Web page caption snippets
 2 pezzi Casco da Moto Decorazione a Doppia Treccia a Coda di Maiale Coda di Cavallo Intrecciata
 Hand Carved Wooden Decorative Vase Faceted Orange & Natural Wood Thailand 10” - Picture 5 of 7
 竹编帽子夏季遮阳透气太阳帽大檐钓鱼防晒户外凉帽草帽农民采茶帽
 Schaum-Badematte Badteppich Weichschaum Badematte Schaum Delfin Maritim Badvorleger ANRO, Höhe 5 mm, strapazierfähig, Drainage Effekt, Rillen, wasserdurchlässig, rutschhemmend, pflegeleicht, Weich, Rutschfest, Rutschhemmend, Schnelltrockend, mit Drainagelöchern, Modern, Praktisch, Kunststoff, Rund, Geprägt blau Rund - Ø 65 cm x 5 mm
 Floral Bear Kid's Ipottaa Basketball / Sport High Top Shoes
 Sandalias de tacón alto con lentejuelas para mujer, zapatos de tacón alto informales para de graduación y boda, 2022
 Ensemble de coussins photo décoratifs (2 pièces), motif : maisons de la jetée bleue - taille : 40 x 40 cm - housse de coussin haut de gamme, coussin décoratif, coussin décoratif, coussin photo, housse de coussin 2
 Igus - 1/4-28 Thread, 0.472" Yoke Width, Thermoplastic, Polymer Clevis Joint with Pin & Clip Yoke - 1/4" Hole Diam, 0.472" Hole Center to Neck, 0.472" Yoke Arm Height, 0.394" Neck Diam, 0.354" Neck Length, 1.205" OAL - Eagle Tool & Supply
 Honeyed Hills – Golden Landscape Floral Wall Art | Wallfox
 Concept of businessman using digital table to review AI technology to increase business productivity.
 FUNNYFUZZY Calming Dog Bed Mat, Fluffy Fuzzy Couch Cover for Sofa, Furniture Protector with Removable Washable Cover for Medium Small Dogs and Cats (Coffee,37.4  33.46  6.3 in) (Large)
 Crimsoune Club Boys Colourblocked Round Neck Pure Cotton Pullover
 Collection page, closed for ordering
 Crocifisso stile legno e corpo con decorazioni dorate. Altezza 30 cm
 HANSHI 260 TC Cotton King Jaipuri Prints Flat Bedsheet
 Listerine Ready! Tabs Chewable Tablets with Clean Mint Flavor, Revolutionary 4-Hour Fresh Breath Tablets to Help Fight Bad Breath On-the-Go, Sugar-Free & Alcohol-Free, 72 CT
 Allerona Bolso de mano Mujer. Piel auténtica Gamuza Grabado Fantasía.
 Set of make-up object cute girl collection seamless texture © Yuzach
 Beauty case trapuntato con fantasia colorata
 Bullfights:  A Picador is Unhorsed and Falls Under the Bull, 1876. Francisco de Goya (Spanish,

## What you are asked to do
Nothing but the lines from the first line of the data through the line with "HANSHI 260 TC" should be returned, exactly as they appear, both ends included.

## Reply to the task
 2 pezzi Casco da Moto Decorazione a Doppia Treccia a Coda di Maiale Coda di Cavallo Intrecciata
 Hand Carved Wooden Decorative Vase Faceted Orange & Natural Wood Thailand 10” - Picture 5 of 7
 竹编帽子夏季遮阳透气太阳帽大檐钓鱼防晒户外凉帽草帽农民采茶帽
 Schaum-Badematte Badteppich Weichschaum Badematte Schaum Delfin Maritim Badvorleger ANRO, Höhe 5 mm, strapazierfähig, Drainage Effekt, Rillen, wasserdurchlässig, rutschhemmend, pflegeleicht, Weich, Rutschfest, Rutschhemmend, Schnelltrockend, mit Drainagelöchern, Modern, Praktisch, Kunststoff, Rund, Geprägt blau Rund - Ø 65 cm x 5 mm
 Floral Bear Kid's Ipottaa Basketball / Sport High Top Shoes
 Sandalias de tacón alto con lentejuelas para mujer, zapatos de tacón alto informales para de graduación y boda, 2022
 Ensemble de coussins photo décoratifs (2 pièces), motif : maisons de la jetée bleue - taille : 40 x 40 cm - housse de coussin haut de gamme, coussin décoratif, coussin décoratif, coussin photo, housse de coussin 2
 Igus - 1/4-28 Thread, 0.472" Yoke Width, Thermoplastic, Polymer Clevis Joint with Pin & Clip Yoke - 1/4" Hole Diam, 0.472" Hole Center to Neck, 0.472" Yoke Arm Height, 0.394" Neck Diam, 0.354" Neck Length, 1.205" OAL - Eagle Tool & Supply
 Honeyed Hills – Golden Landscape Floral Wall Art | Wallfox
 Concept of businessman using digital table to review AI technology to increase business productivity.
 FUNNYFUZZY Calming Dog Bed Mat, Fluffy Fuzzy Couch Cover for Sofa, Furniture Protector with Removable Washable Cover for Medium Small Dogs and Cats (Coffee,37.4  33.46  6.3 in) (Large)
 Crimsoune Club Boys Colourblocked Round Neck Pure Cotton Pullover
 Collection page, closed for ordering
 Crocifisso stile legno e corpo con decorazioni dorate. Altezza 30 cm
 HANSHI 260 TC Cotton King Jaipuri Prints Flat Bedsheet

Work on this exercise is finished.